The decisions from other states cited in the New Jersey opinion quoted above are included among the cases from twenty different states upholding fluoridation collected in the appendix to this opinion.

[10] Nor do we consider any argument, none having been presented, that the DER's regulations or its action thereunder in this case violate the Equal Protection or Due Process clauses of the federal or state constitutions.

[11] The pragmatic reasoning of the dissenters below is, we think, a valid justification of the DER's approach to this matter:

"DER's policy of refusing to require fluoridation to obtain a permit and the refusal to modify a permit previously issued to allow discontinuance of fluoridation after it is established is not inconsistent. Indeed, it is sound on the basis of burden of proof alone.

"In the first instance, when fluoridation is not required to obtain a permit, the applicant is resisting fluoridation and the burden would be on DER to establish that to approve an unfluoridated water supply would be prejudicial to the public health. In the second instance, where the existing permit requires fluoridation, the applicant is seeking to change the permit and, therefore, has the burden of convincing DER that it is not prejudicial to the public health to remove the requirement.
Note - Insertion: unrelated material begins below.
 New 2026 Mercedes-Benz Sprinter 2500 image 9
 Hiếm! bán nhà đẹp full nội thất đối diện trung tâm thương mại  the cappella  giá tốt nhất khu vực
"In addition, . . . expense is always a proper consideration in setting requirements for what is or is not detrimental to the public health as those words are used in legislation. Certainly it is a proper consideration when one is exercising discretion. Under such circumstances, there is a vast distinction between insisting on a very substantial expense to obtain a permit and permitting its removal after it and the permit have been in existence." 22 Pa.Cmwlth. at 137-38, 348 A.2d at 168-69.